Skip to content

v0.8.0

Compare
Choose a tag to compare
@lukehsiao lukehsiao released this 08 Apr 00:40
· 200 commits to master since this release

0.8.0 - 2020-04-07

A summary of the changes of this release are below. Check the Changelog for more details.

Rather than maintaining a separate learning engine, we switch to Emmental, a deep learning framework for multi-task learning. Switching to a more general learning framework allows Fonduer to support more applications and multi-task learning.

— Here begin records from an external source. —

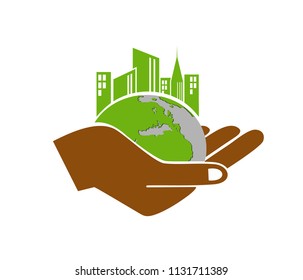 earth with building vector 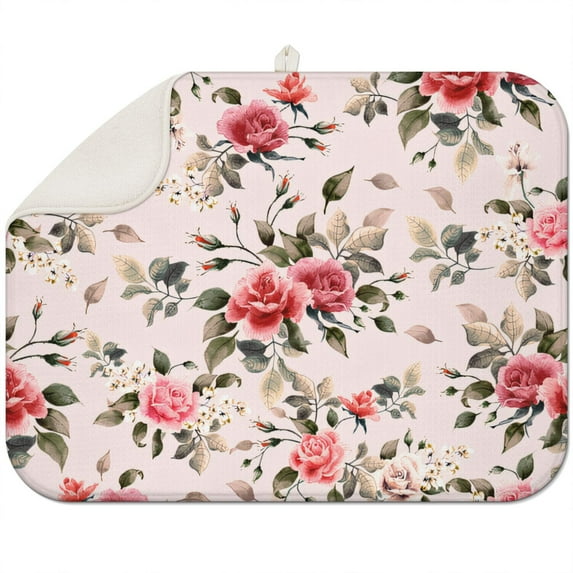 Microfibre Drying Mat for Kitchen Pioneer Dish Drying Drainer Mat Absorbent Colorful Floral Drying Mat Washing Up for Glass, Plate & Cup 18inch X 24inch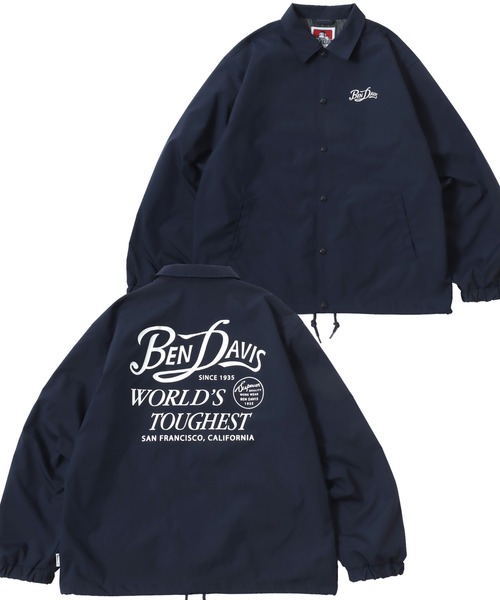 BEN DAVIS（ベンデイビス）の「BEN DAVIS/ベンデイビス SCRIPT COACHES JACKET/オーバーサイズ バックプリント コーチジャケット/ブルゾン/レディース メンズ（ナイロンジャケット・メンズ・ブラック/ワイン/ネイビー・M/L/XL）」の2枚目の写真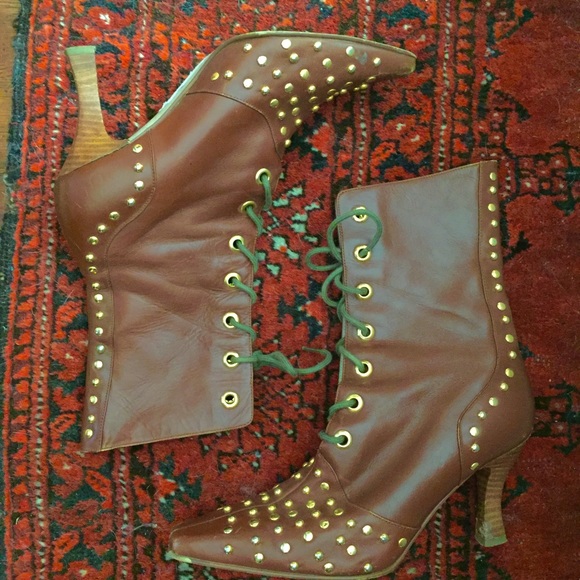 Vintage Leather Studded Boots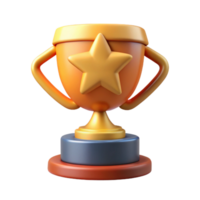 unparalleled coastal Trophy with a gold star. NO BACKGROUND with Transparent Background. sharp png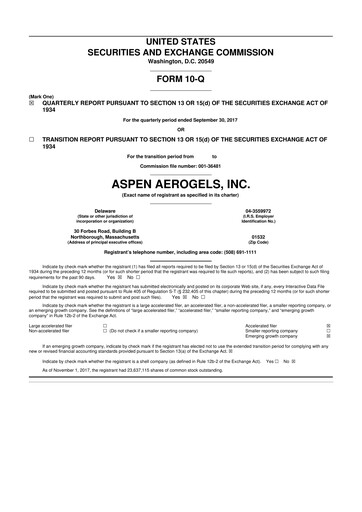 Miniature Aspen Aerogels 10-Q Rapport trimestriel 2017 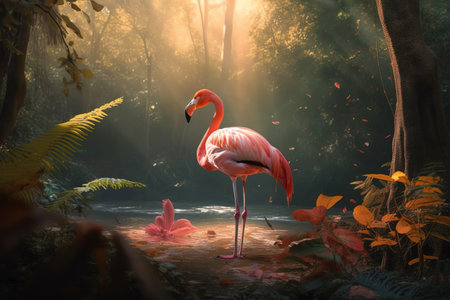 Image of flamenco bird standing in the middle of the forest. Birds. Animals. illustration. Generative AI.の素材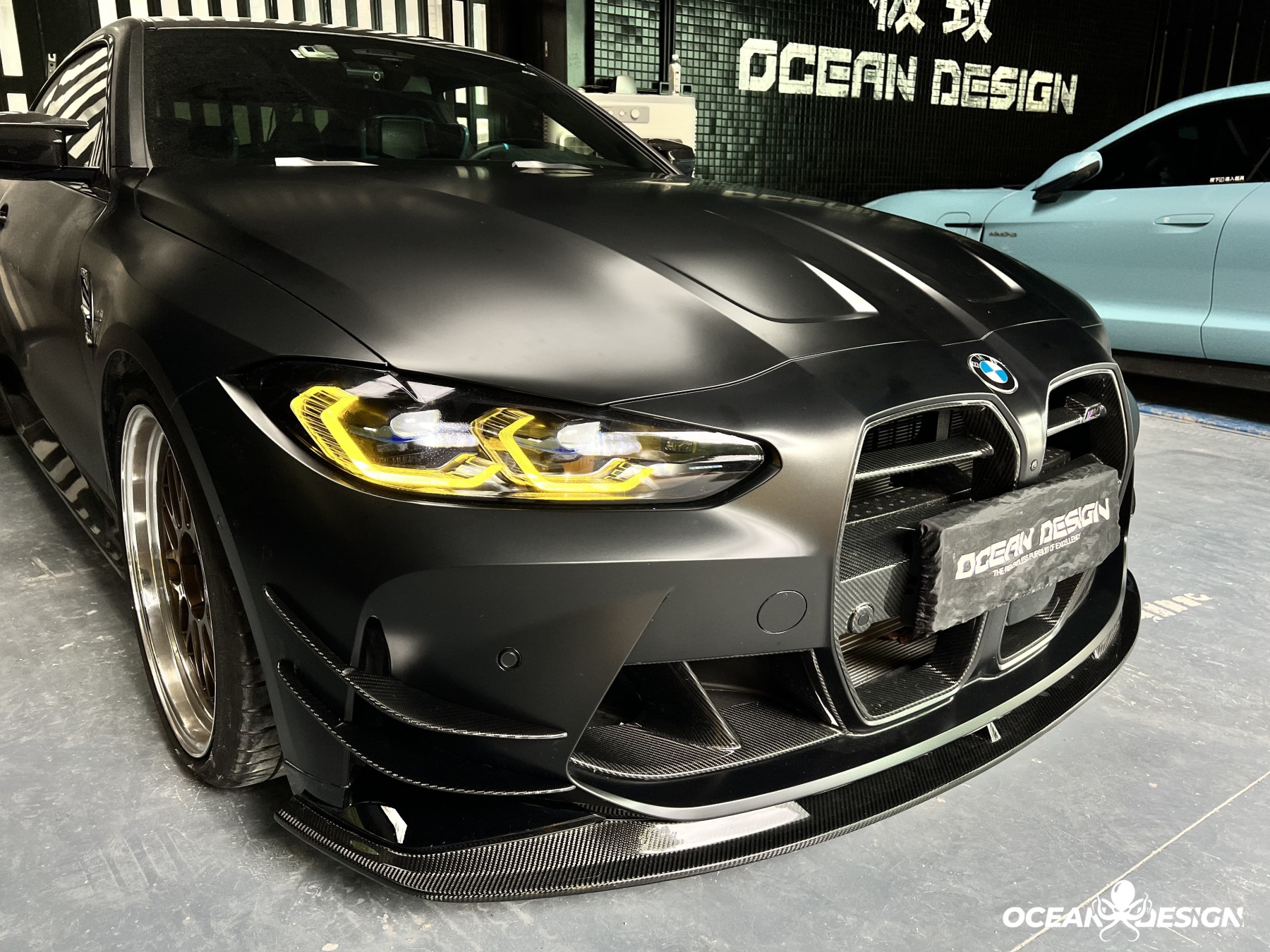 2021–2025 BMW M3 (G80) / M4 (G82) AC Style Front Lip Splitter – Dry Carbon Fiber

Click to see example usage
# With Emmental, you need do following steps to perform learning:
# 1. Create task for each relations and EmmentalModel to learn those tasks.
# 2. Wrap candidates into EmmentalDataLoader for training.
# 3. Training and inference (prediction).

import emmental

# Collect word counter from candidates which is used in LSTM model.
word_counter = collect_word_counter(train_cands)

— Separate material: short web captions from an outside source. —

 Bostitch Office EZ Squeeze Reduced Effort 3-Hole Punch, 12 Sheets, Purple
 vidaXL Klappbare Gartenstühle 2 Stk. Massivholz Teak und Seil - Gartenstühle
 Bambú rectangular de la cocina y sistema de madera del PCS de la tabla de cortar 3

# Initialize Emmental. For customize Emmental, please check here:
# https://emmental.readthedocs.io/en/latest/user/config.html
emmental.init(fonduer.Meta.log_path)

#######################################################################
# 1. Create task for each relations and EmmentalModel to learn those tasks.
#######################################################################

# Generate special tokens which are used for LSTM model to locate mentions.
# In LSTM model, we pad sentence with special tokens to help LSTM to learn
# those mentions. Example:
# Original sentence: Then Barack married Michelle.
# ->  Then ~~[[1 Barack 1]]~~ married ~~[[2 Michelle 2]]~~.
arity = 2
special_tokens = []
for i in range(arity):
    special_tokens += [f"~~[[{i}", f"{i}]]~~"]

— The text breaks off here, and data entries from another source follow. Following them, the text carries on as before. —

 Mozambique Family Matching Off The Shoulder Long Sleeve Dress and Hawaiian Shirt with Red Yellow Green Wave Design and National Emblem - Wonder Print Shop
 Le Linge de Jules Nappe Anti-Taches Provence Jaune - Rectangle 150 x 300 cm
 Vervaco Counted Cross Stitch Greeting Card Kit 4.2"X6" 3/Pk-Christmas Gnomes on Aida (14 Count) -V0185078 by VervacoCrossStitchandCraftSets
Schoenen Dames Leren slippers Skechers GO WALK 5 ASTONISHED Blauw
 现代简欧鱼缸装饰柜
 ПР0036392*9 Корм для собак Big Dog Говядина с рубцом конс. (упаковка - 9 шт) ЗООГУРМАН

# Generate word embedding module for LSTM.
emb_layer = EmbeddingModule(
    word_counter=word_counter, word_dim=300, specials=special_tokens
)

# Create task for each relation.
tasks = create_task(
    ATTRIBUTE,
    2,
    F_train[0].shape[1],
    2,
    emb_layer,
    mode="mtl",
    model="LogisticRegression",
)

# Create Emmental model to learn the tasks.
model = EmmentalModel(name=f"{ATTRIBUTE}_task")

# Add tasks into model
for task in tasks:
    model.add_task(task)

#######################################################################
# 2. Wrap candidates into EmmentalDataLoader for training.
#######################################################################

# Here we only use the samples that have labels, which we filter out the
# samples that don't have significant marginals.
diffs = train_marginals.max(axis=1) - train_marginals.min(axis=1)
train_idxs = np.where(diffs > 1e-6)[0]

# Create a dataloader with weakly supervisied samples to learn the model.
train_dataloader = EmmentalDataLoader(
    task_to_label_dict={ATTRIBUTE: "labels"},
    dataset=FonduerDataset(
        ATTRIBUTE,
        train_cands[0],
        F_train[0],
        emb_layer.word2id,
        train_marginals,
        train_idxs,
    ),
    split="train",
    batch_size=100,
    shuffle=True,
)


# Create test dataloader to do prediction.
# Build test dataloader
test_dataloader = EmmentalDataLoader(
    task_to_label_dict={ATTRIBUTE: "labels"},
    dataset=FonduerDataset(
        ATTRIBUTE, test_cands[0], F_test[0], emb_layer.word2id, 2
    ),
    split="test",
    batch_size=100,
    shuffle=False,
)


#######################################################################
# 3. Training and inference (prediction).
#######################################################################

# Learning those tasks.
emmental_learner = EmmentalLearner()
emmental_learner.learn(model, [train_dataloader])

# Predict based the learned model.
test_preds = model.predict(test_dataloader, return_preds=True)

Changed

  • @senwu: Switch to Emmental as the default learning engine.
  • @HiromuHota: Change ABSTAIN to -1 to be compatible with Snorkel of 0.9.X. Accordingly, user-defined labels should now be 0-indexed (used to be 1-indexed). (#310) (#320)
  • @HiromuHota: Use executemany_mode="batch" instead of deprecated use_batch_mode=True. (#358)
  • @HiromuHota: Use tqdm.notebook.tqdm instead of deprecated tqdm.tqdm_notebook. (#360)
  • @HiromuHota: To support ImageMagick7, expand the version range of Wand. (#373)
  • @HiromuHota: Comply with PEP 561 for type-checking codes that use Fonduer.
  • @HiromuHota: Make UDF.apply of all child classes unaware of the database backend, meaning PostgreSQL is not required if UDF.apply is directly used instead of UDFRunner.apply. (#316) (#368)

Fixed

  • @senwu: Fix mention extraction to return mention classes instead of data model classes.